### EXERCISE MATERIAL

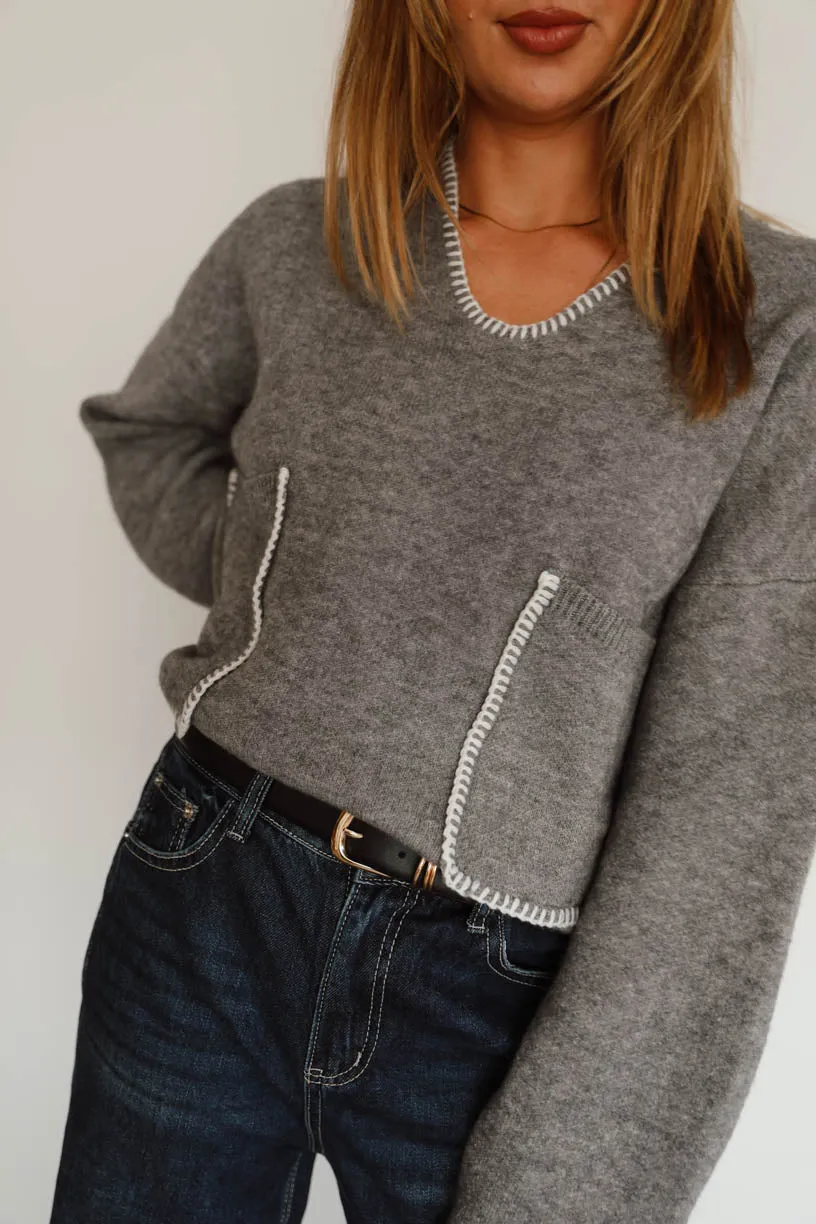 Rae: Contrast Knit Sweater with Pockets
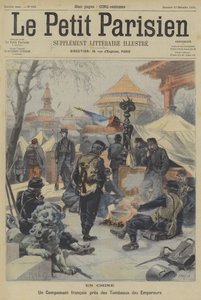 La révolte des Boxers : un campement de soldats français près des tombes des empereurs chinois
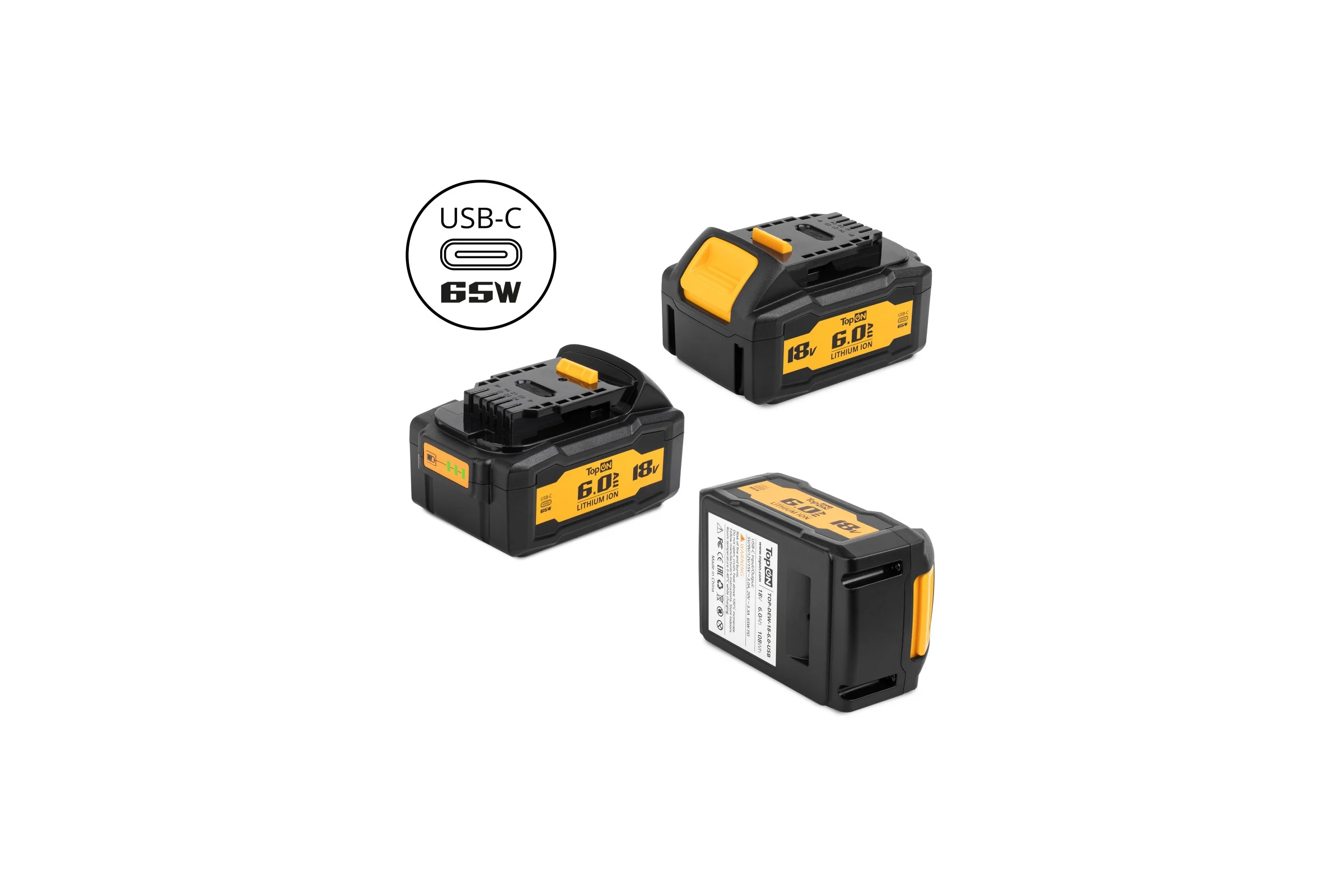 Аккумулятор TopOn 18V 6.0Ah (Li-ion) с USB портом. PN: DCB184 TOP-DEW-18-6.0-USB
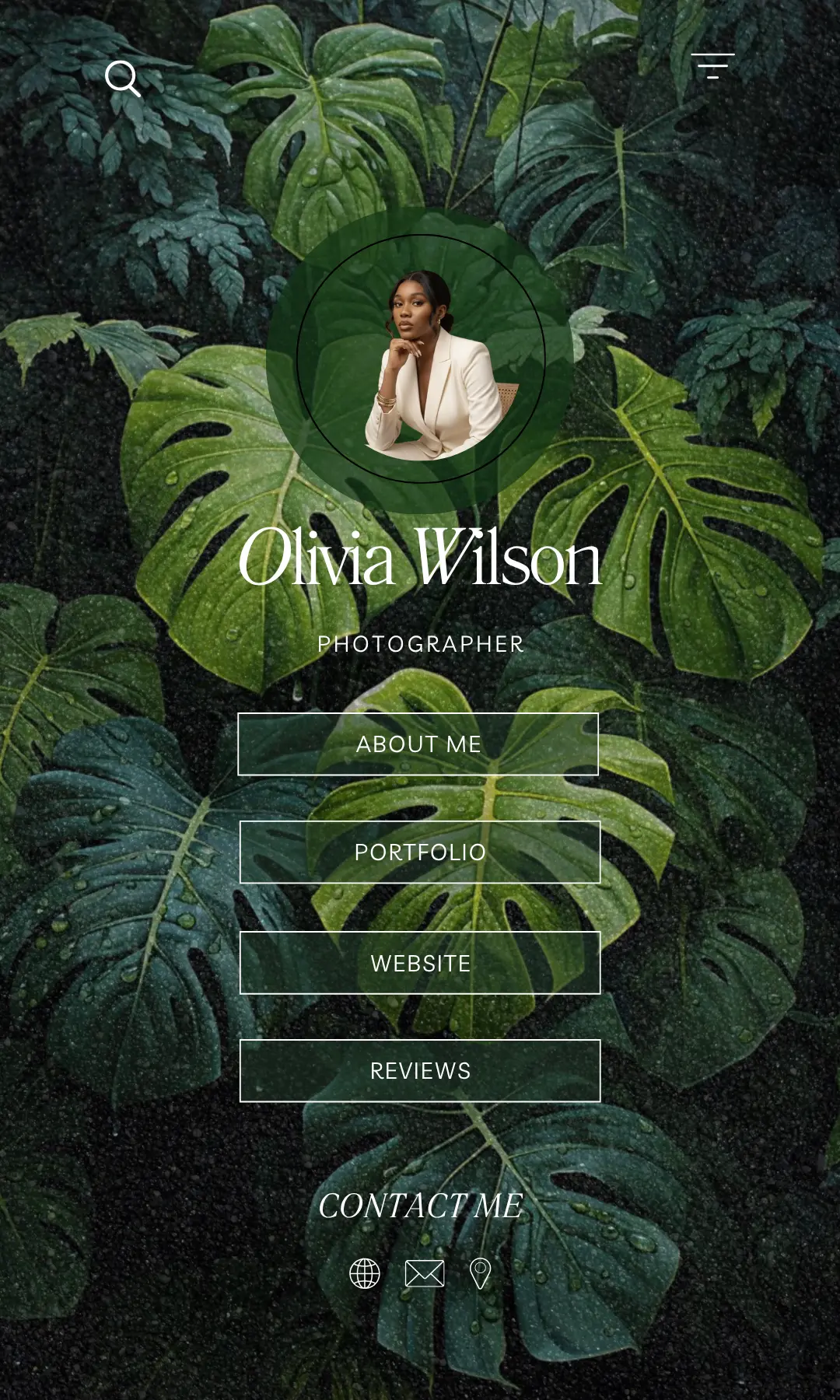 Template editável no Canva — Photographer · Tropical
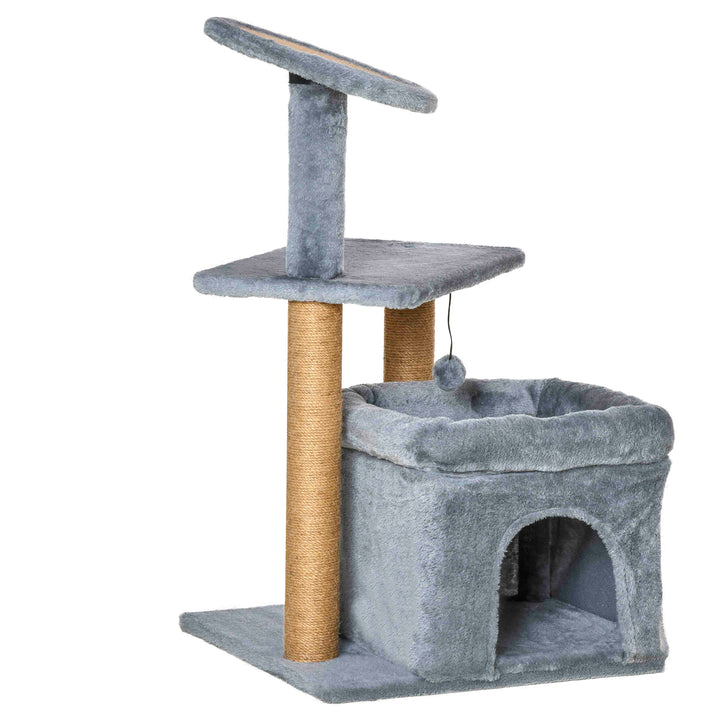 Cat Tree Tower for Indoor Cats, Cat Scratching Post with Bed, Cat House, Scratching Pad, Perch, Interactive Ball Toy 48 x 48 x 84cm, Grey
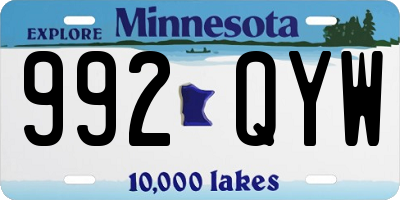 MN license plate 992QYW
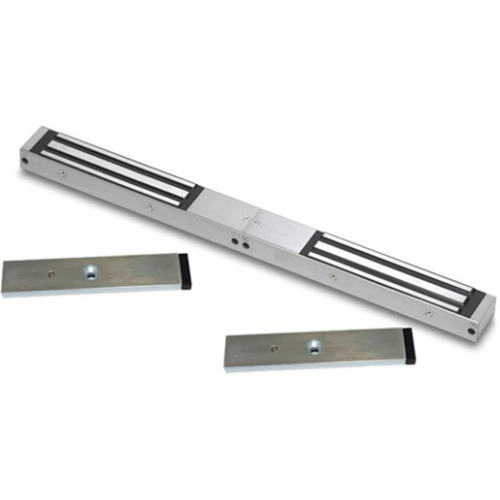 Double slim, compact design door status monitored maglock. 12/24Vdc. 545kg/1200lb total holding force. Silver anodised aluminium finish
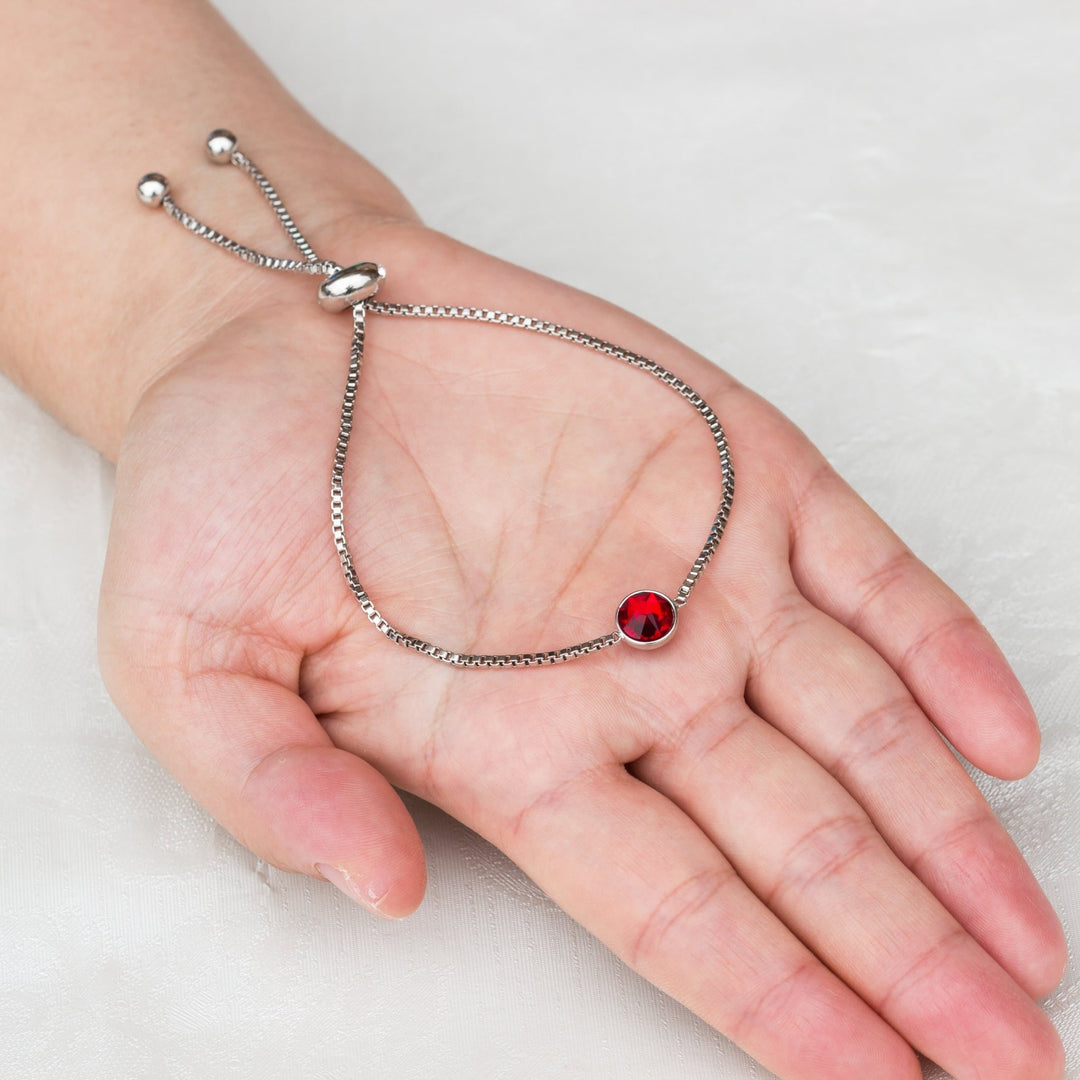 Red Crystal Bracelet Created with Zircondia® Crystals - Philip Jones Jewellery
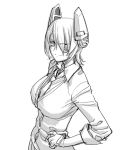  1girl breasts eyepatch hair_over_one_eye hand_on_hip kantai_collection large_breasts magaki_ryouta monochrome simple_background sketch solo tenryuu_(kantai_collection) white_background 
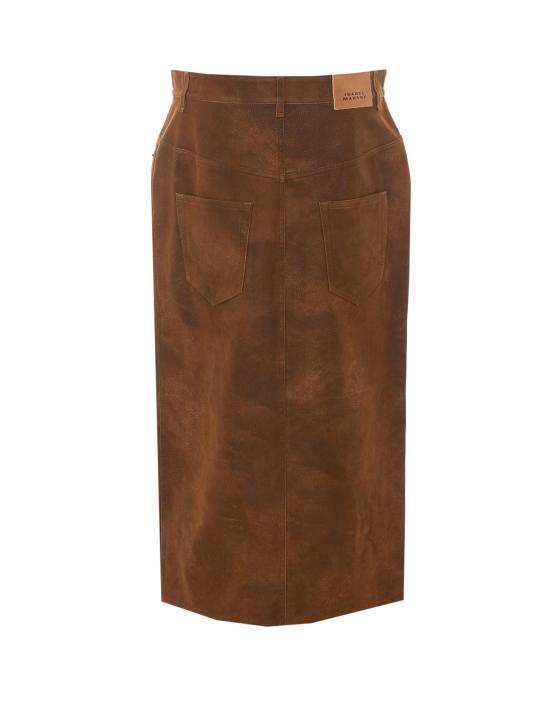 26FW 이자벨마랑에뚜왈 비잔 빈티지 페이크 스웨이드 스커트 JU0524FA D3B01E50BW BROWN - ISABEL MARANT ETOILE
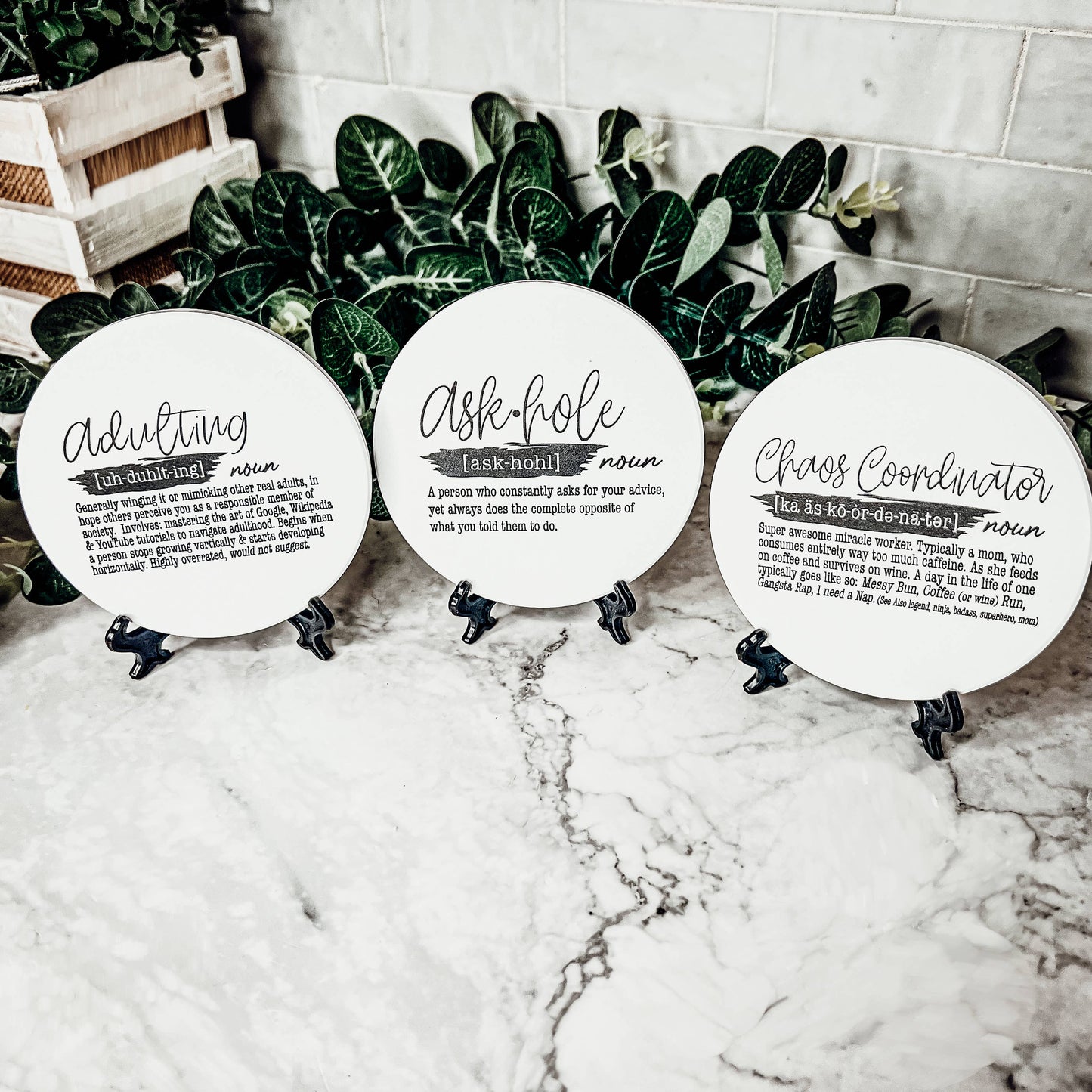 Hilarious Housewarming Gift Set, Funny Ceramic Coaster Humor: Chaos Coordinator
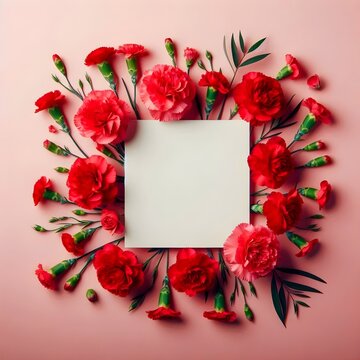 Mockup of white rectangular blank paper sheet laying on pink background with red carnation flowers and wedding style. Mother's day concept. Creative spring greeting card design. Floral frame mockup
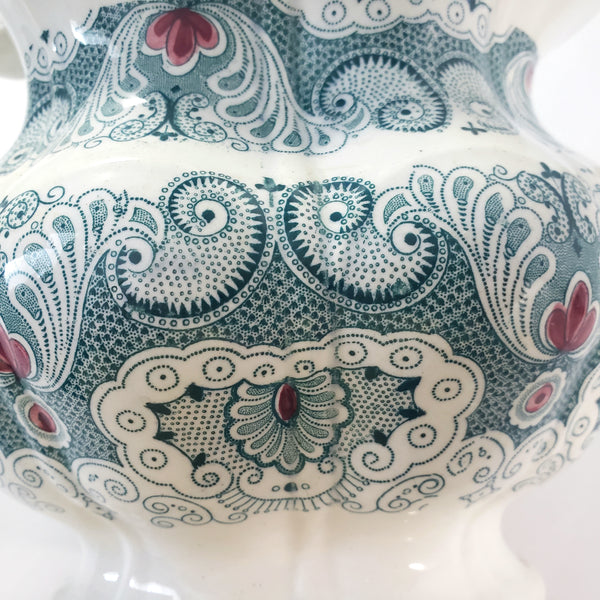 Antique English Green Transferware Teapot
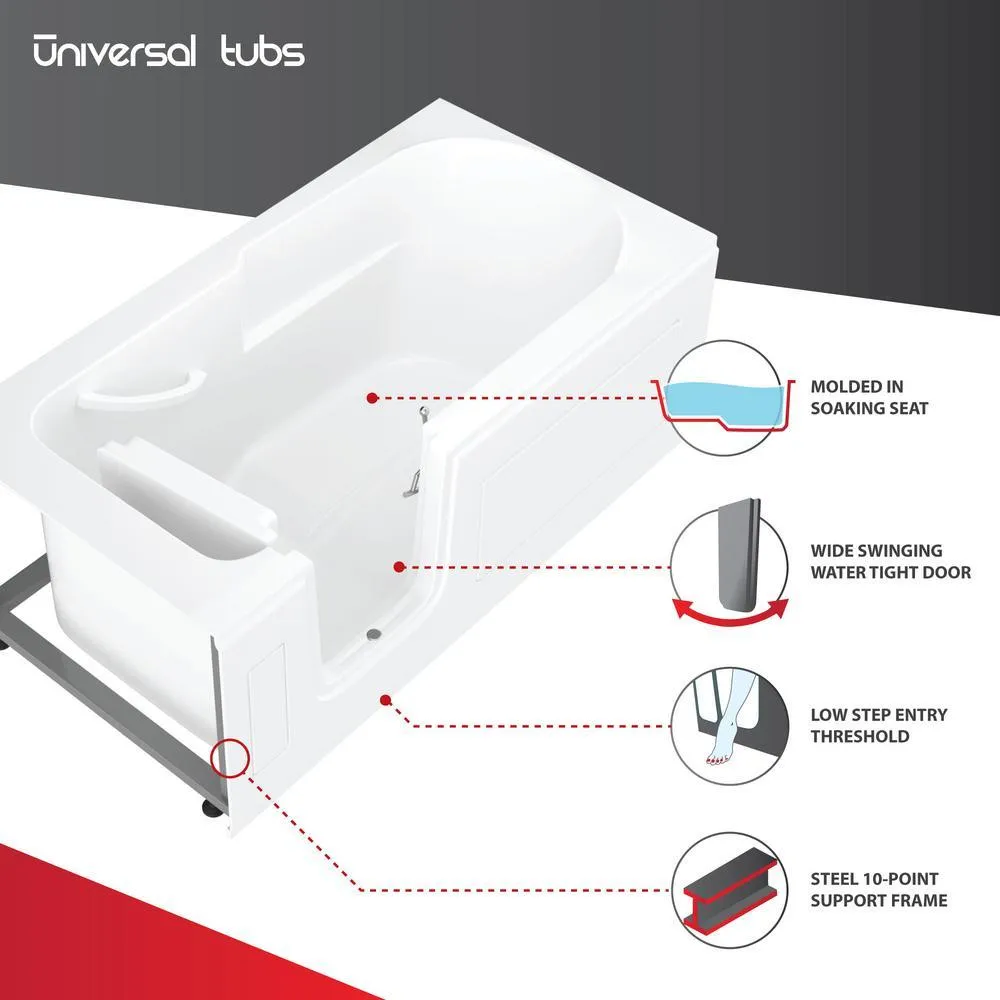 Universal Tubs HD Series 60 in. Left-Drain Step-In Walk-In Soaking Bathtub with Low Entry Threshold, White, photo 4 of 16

### WHAT IS REQUIRED
For this exercise, return every entry verbatim and omit all pictures.

### RESPONSE
 Rae: Contrast Knit Sweater with Pockets
 La révolte des Boxers : un campement de soldats français près des tombes des empereurs chinois
 Аккумулятор TopOn 18V 6.0Ah (Li-ion) с USB портом. PN: DCB184 TOP-DEW-18-6.0-USB
 Template editável no Canva — Photographer · Tropical
 Cat Tree Tower for Indoor Cats, Cat Scratching Post with Bed, Cat House, Scratching Pad, Perch, Interactive Ball Toy 48 x 48 x 84cm, Grey
 MN license plate 992QYW
 Double slim, compact design door status monitored maglock. 12/24Vdc. 545kg/1200lb total holding force. Silver anodised aluminium finish
 Red Crystal Bracelet Created with Zircondia® Crystals - Philip Jones Jewellery
  1girl breasts eyepatch hair_over_one_eye hand_on_hip kantai_collection large_breasts magaki_ryouta monochrome simple_background sketch solo tenryuu_(kantai_collection) white_background 
 26FW 이자벨마랑에뚜왈 비잔 빈티지 페이크 스웨이드 스커트 JU0524FA D3B01E50BW BROWN - ISABEL MARANT ETOILE
 Hilarious Housewarming Gift Set, Funny Ceramic Coaster Humor: Chaos Coordinator
 Mockup of white rectangular blank paper sheet laying on pink background with red carnation flowers and wedding style. Mother's day concept. Creative spring greeting card design. Floral frame mockup
 Antique English Green Transferware Teapot
 Universal Tubs HD Series 60 in. Left-Drain Step-In Walk-In Soaking Bathtub with Low Entry Threshold, White, photo 4 of 16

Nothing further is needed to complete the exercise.